Among the entries below, find the line with "Volvo S90 2019 T5", then quote it and each following line up to and including the line with "DANBURY MINT 1/24", and nothing else.

(Supplied records begins)

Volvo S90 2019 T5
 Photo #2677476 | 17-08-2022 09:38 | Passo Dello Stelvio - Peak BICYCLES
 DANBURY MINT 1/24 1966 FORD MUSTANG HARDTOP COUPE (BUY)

(Supplied records ends)
(Supplied records begins)

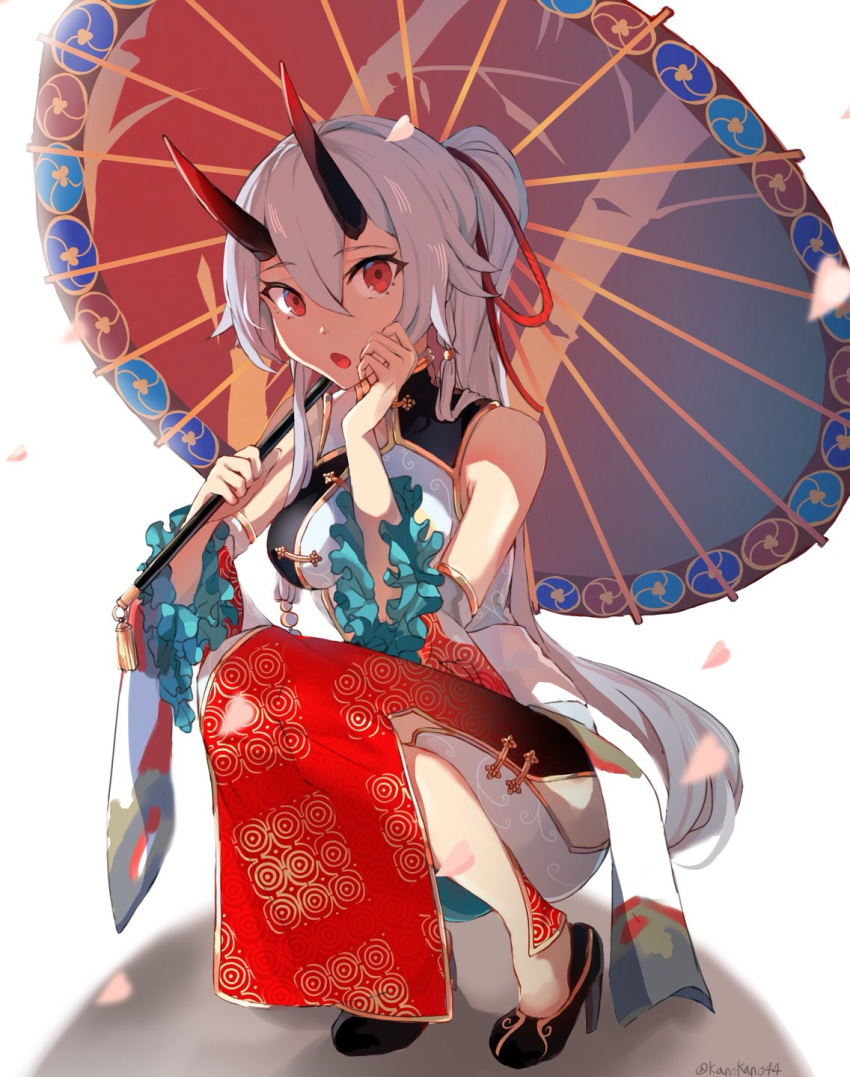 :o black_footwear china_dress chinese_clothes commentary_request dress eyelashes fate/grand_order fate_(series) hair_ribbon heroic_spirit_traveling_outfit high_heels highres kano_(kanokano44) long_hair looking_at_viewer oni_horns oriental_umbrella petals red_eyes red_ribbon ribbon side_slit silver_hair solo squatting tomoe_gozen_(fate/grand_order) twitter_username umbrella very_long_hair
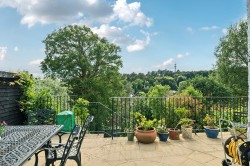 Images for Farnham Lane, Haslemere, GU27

(Supplied records ends)

Solution to this task:
Volvo S90 2019 T5
 Photo #2677476 | 17-08-2022 09:38 | Passo Dello Stelvio - Peak BICYCLES
 DANBURY MINT 1/24 1966 FORD MUSTANG HARDTOP COUPE (BUY)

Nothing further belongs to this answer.